F: Afghanistan. It’s an interesting country because all of the musicians left during the Taliban, but some of them are starting to come back. Many of them went to Pakistan, some went to the former Soviet Union—many of them are now in Russia—and some ended up in Western Europe. But it has a fascinating traditional music, and they had a very wonderful sort of pop scene in the 1970s. They had this one musician, Ahmad Zair, they called him “the Afghan Elvis,” and he was this really popular pop musician, and he was murdered in 1979 or something like that, during the period when the Russians were there. So we want to go back and do a project with his music and with our jazz and pop musicians and try to give some sort of impetus to Afghan pop, which is just now sort of making a resurgence. The popular music there is very close to Bollywood and Indian pop music, as well as to Central Asian traditional music, so it’s a fascinating country. And I personally have a lot of friends from Afghanistan, so I’m also very curious about being in the country.

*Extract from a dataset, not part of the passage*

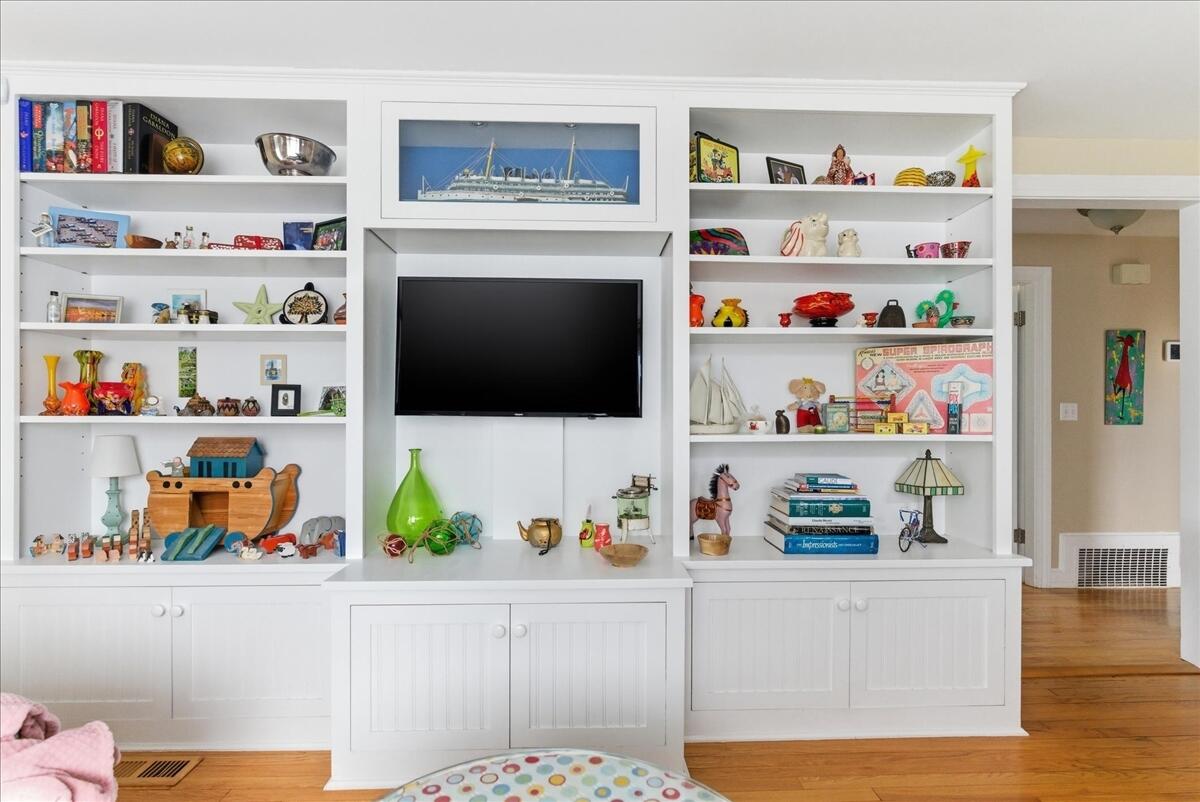 15 Grover Road Cape Elizabeth, ME 04107 - Photo 29 of 60 29 25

R: What’s your 10-year goal for American Voices?
F: Our main goal is to get established in the United States and get ourselves on better financial footing. Since September 11, we’ve gone from being busy to being incredibly busy, and it’s been nonstop until now—as we speak. Fortunately, there’s a bit of a lull this summer, and we’re taking advantage of it to reorganize ourselves and reorganize ourselves in the states. Our goal is to get stabilized so we can be more in control of where we do our projects and what we do and how we do it, so we’re not relying so much on sponsors. We love our sponsors, but we’d also like to have some financial independence. And then in countries where it’s difficult to work with the American embassy for whatever reason—because of budget cuts or lack of interest on their part—we can still go to those countries and do a project.
R: How are you pursuing fundraising in the US?
F: Well we just got our 501c(3) status, so that’s the first step. We already have some funding through some of the corporations we’ve worked with abroad as sponsors in the countries we go to. Their foundations here in the states are making some matching contributions and gifts to us, and just talking to individuals…I think people are confused about what’s going on in the world, and that America is, through a series of misunderstandings, developing a sort of ugly reputation in the world, and I’d like to think that there’s something I can do about that. I feel that in our own small way, we’re addressing that hunger to get a positive image out about the United States and create good will, and show that the United States is more than just big corporations and government throwing their weight around, that it’s a very diverse and interesting culture that cares about the world more than parts of the world sometimes think we do.